Mediante aos fatos a justiça acolheu pedido da Advocacia Geral da União (AGU) e derrubou a liminar que proibia a exportação de gado vivo em território nacional. 


Na liminar, a desembargadora Diva Malerbi mencionou: "A permanência no navio aguardando os procedimentos de reversão, que sequer encontram-se programados, provocará maior sofrimento e penoso desgaste aos animais do que o prosseguimento da viagem".²


Conclusão


Sendo assim, ficou claro que a demora para o prosseguimento da viagem, problema causado pelas ONGs, foi o maior causador de prejuízos do ponto de vista do bem-estar animal. 


Como diz o ditado popular, "muito ajuda quem não atrapalha." 


A exportação de bovinos vivos é uma atividade regulamentada pelo MAPA através da Instrução Normativa no. 13, de 30 de março de 2010³. Profissionais competentes fazem a vigilância para que a lei seja cumprida, nesse âmbito, a opinião de leigos é um desastre. 


Importante frisar que qualquer tipo de transporte de bovinos deve ser feito em boas condições, seguindo os preceitos para preservar o bem-estar animal. E claro, esses procedimentos são fiscalizados. 


Este tema envolve questões econômicas, políticas, forças do legislativo, do judiciário, além de questões culturais (consumo de carne Halal³).


Entendemos também que discussões engrandecem o debate, mas imposição unilateral de um ponto de vista é autoritarismo genuíno. Afinal é o consumidor que decide o que deseja comprar e não o vendedor. 


No supermercado você pode comprar queijo parmesão em peça ou ralado. Se decidir pelo queijo ralado, pagará mais. Mas nem por isso dever-se obrigar o consumidor a comprar queijo ralado em função do maior valor agregado.


Deixem o mercado decidir.
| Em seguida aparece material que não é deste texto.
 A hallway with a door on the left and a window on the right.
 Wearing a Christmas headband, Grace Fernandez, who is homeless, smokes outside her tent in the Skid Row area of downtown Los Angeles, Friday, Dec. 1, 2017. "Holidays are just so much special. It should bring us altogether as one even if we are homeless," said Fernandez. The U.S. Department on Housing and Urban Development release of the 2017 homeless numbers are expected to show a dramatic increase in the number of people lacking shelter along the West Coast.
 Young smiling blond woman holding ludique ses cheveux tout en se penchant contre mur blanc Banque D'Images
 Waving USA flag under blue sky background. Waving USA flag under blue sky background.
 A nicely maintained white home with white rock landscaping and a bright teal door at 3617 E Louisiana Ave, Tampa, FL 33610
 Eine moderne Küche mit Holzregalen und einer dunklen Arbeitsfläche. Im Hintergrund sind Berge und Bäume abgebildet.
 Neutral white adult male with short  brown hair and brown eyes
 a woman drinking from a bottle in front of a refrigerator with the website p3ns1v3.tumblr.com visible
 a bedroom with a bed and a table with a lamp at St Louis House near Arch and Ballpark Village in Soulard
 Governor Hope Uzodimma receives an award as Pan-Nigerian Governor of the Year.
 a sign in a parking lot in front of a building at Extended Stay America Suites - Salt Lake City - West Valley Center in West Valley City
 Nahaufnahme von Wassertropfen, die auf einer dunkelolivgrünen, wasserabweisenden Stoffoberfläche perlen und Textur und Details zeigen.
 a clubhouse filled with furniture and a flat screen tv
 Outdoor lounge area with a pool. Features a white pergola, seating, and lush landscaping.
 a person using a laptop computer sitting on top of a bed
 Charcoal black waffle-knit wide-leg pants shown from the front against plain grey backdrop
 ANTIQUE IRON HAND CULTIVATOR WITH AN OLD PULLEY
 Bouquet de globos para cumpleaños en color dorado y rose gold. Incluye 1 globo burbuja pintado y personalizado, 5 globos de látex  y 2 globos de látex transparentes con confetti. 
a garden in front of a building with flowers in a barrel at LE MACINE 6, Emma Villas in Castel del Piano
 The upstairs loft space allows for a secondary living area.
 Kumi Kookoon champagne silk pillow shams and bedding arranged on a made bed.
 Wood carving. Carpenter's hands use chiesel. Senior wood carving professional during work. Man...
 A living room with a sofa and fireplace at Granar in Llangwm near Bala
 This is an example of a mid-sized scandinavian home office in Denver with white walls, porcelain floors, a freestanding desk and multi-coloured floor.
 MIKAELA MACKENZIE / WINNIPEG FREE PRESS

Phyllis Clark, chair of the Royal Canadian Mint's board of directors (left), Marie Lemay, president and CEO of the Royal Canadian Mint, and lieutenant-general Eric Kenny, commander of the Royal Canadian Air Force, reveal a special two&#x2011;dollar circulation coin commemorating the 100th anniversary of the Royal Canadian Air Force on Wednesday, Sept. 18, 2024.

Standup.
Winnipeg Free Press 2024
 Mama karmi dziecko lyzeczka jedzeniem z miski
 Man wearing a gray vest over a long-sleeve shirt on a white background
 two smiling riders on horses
Sem tapetão e sem radicalismo. 


 


¹ Regulamento técnico para exportação de bovinos, búfalos, ovinos e caprinos vivos, destinados ao abate. http://www.agricultura.gov.br/assuntos/sustentabilidade/bem-estar-animal/arquivos/arquivos-legislacao/in-13-2010-exportacao-ruminantes-para-abate.pdf


² Tribunal Regional Federal da 3ª Região - Exportação de animais vivos https://www.poder360.com.br/wp-content/uploads/2018/02/liminar-trf3-gado-turquia-4fev2018.pdf


³ A palavra halal significa "permitido", ou seja, o que se pode fazer, o que se pode consumir, o que se pode ver, o que se pode ler, o que se pode vestir, de acordo com as leis do Alcorão.